証券会社時代、私が判断に迷ってオタオタしていると、上司のYさんからよくこのように詰められていました。

Yさん「さくらだ~、そもそもこの件の目的は何だったんだ、あ~?」

櫻田「も、も、目的は○○でした、ハイッ」

Yさん「んじゃ、どうすんだよ、あ~?」

ロジャーの面接目的も、資産運用コンサルティング・ビジネスで勝つための人材採用でした。それと照らし合わせれば、質問は2つで十分だったのでしょう。逆に、目的を見失ってしまうと、枝葉末節に目が行って的確な判断ができなくなります。

危機の際は「判断基準の単一化」を

世界最大のタイヤメーカー・ブリヂストンの元CEO荒川詔四氏が、著書『優れたリーダーはみな小心者である。』(ダイヤモンド社)の中で次のような経験を語っています。

ブリヂストン・ヨーロッパのCEOに就任したとき、事業全体が厳しい財務状態に陥っていた。特に、ある子会社が経営の足を引っ張っていた。そこで、その子会社を立て直すにあたって、次のようなメッセージを発した。
「売上とシェアは捨てていい。結果については私が責任を持つ」。つまり、事業規模を縮小させてでも健全な事業体につくり替えることを優先させたのである。子会社は利益確保に全力を集中させた結果、最悪の事態を回避した。

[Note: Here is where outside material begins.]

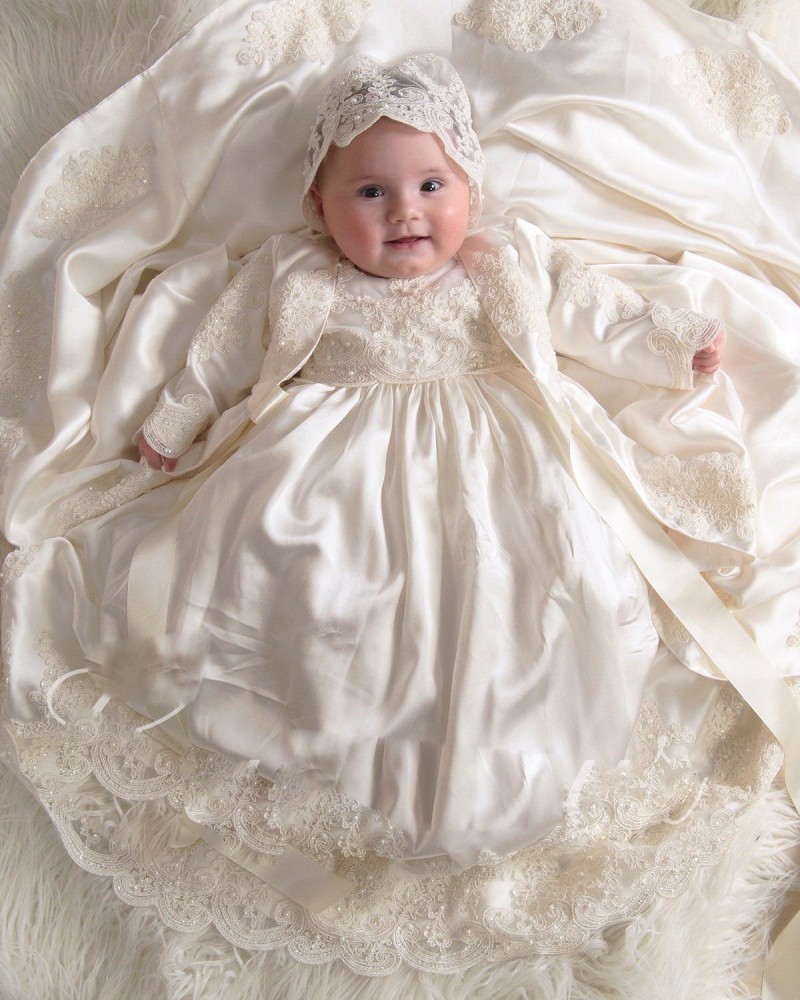 2019 New First Communication Dress Short Sleeve Christening Gowns For Baby Girls Lace Appliqued Beads Pearls Baptism Dresses With Bonnet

事業活動は売上、シェア、利益など、複数の指標を意識しながら進める必要がありますが、その優先順位があやふやだったり、すべてが大事だと考えてしまうと、各所にコンフリクトが起きて何もできなくなってしまいます。

特に、事態が悪化しているときは、それが原因となって最悪の結果を招きかねません。そのようなときこそ、判断基準に関するリーダーの強いメッセージが重要になってくるのです。